The development of a multi-million euro ‘cultural hub’ on the Dyke Road has been slowed down by the “matrix of legislation and strategies” to which Galway City Council must adhere.
That’s according to a spokesperson for the local authority who said this “significant cultural development” would be a lasting legacy of the city’s successful European Capital of Culture bid.
Plans for the site include the demolition of the ‘past its sell-by date’ Black Box Theatre – replacing it with a performance space to cater for 1,200 seated occupants.
“This is a significant cultural development on this site which would include a cultural building to allow for the replacement of the Black Box but also incorporate a visual arts space and a production administration space,” said the Council spokesperson.

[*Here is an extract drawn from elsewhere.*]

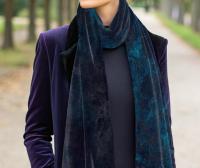 Velvet Scarf - Multiple Colors Gradients - Long Super Soft Scarf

Plans for the area have been under consideration since Galway achieved the designation as European Capital of Culture 2020 last summer.

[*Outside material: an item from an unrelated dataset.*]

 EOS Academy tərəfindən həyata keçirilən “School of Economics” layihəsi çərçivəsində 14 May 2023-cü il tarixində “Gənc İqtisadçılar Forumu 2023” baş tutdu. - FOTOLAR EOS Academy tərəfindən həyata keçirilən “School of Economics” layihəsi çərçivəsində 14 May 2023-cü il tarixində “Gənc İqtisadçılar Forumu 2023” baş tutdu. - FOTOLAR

However, the spokesperson for the council said progress has been slow due to the strict process the Council must follow before seeking expressions of interest – but confirmed that it is their intention to do so in the last quarter of 2017.
“The difficulty we have is that this is a huge and complicated procurement process – Galway City Council will formally proceed with calling for expressions of interest before year end.
“It has been delayed by onerous obligations for due diligence under the procurement processes,” he said.
There are several factors affecting the pace of the process including its potential impact on the Galway Transportation Strategy, the City Development Plan and environmental concerns – this due to its location adjacent to the Corrib.
The construction of this facility would mean the loss of some of the approximate 540 spaces that make up the largest City Council-owned carpark on the Dyke Road.
Car parking fines and fees are a major source of income for City Hall and bring in over €4 million per annum.
However, it is planned that a new multi-level carpark will maintain, and possibly increase, the number of spaces.
The Council spokesperson confirmed that the original plans had not changed and that both the construction of the cultural facility and the carpark were part of a single project.
“We are looking at the entire site as a whole,” he said.
Councillor, Pádraig Conneely, Chairperson of the Arts and Culture SPC in Galway City Council, welcomed the fact that expressions of interest were to be sought this year and said he had no doubt that this would attract a considerable response.
“I am confident that there will be a big take-up and that reputable and good companies will come forward.
“I have no doubt that there will be many expressions of interest – this is a major project for the city and it will create a lot of employment.
“The Dyke Road and that general area needs to be upgraded and this will be a good project and very worthwhile for the city,” added the Fine Gael councillor.